EVGA, a leading maker and supplier of advanced graphics cards and mainboards, has unveiled a unique graphics board that features Nvidia GeForce GTX 275 graphics chip to process graphics and Nvidia GeForce GTS 250 (G92, 9800 GTX, 8800 GTS 512MB) chip to process physics effects using PhysX application programming interface.
EVGA’s GeForce GTX 275 CO-OP PhysX Graphics Solution features two completely different graphics processors instead of one:
- Nvidia G200b chip with 240 shader processors (SPs) operating at 1296MHz, 80 texture units (TUs), 30 render back ends (RBEs) working at 633MHz and 448-bit memory interface to connect to 896MB of GDDR3 memory (2268MHz).

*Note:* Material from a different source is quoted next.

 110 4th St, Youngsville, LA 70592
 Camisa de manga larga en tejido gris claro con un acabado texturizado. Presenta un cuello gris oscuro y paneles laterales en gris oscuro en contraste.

- Nvidia G92b chip with 128 SPs at 1836MHz, 32 TUs, 16 RBEs operating at 732MHz and 192-bit memory bus to connect 384MB of GDDR3 memory (2200MHz).

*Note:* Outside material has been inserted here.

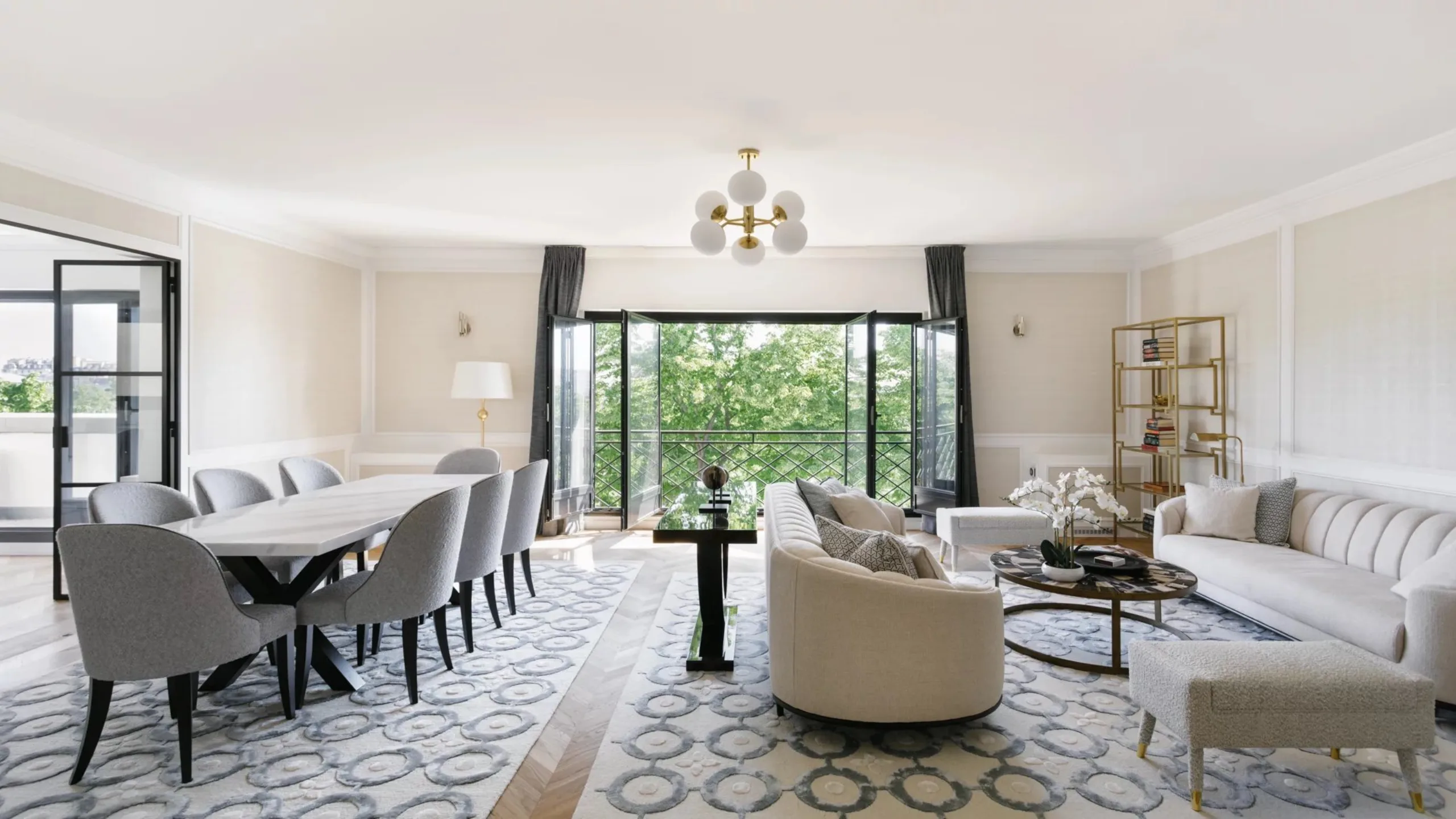 4 bedroom apartment for sale in 7th Arrondissement, Paris, Île-De-France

- The board also features NV IO chip to enable display outputs as well as NV BR chip to enable communication between graphics processing units (GPUs).
The GeForce GTX 275/G200b is only used to process graphics data, whereas the G92b chip with cut-down memory interface is placed to process solely physics effects in games that take advantage of PhysX API technology.
The graphics card utilizes proprietary design and is unlikely to be available from other manufacturers. Despite the exotic design, EVGA’s GeForce GTX 275 CO-OP PhysX can operate in 2-way or 3-way SLI multi-GPU configurations with other GeForce GTX 275 graphics boards without problems.
The concept of putting two different graphics processors onto the same board seems to be rather interesting: processing of physics effects does not require serious computing power, still, using one GPU for both graphics and physics may not be an interesting option for performance enthusiasts. As a result, in the future EVGA may put an additional graphics processor onto high-end graphics cards in order to differentiate itself and provide PhysX acceleration.
EVGA’s GeForce GTX 275 CO-OP PhysX 1280MB carries manufacturer suggested retail price of $349. The MSRP of a GeForce GTX 275 896MB is around $299, whereas the GeForce GTS 250 usually costs around $149.
Considering the fact that it took quite a number of efforts to develop a special-edition graphics board that will sell for $349, the emergence of the product may mean that EVGA and Nvidia are not going to release the next-generation Fermi flagship gaming solution anytime soon. Of course, no company has confirmed that.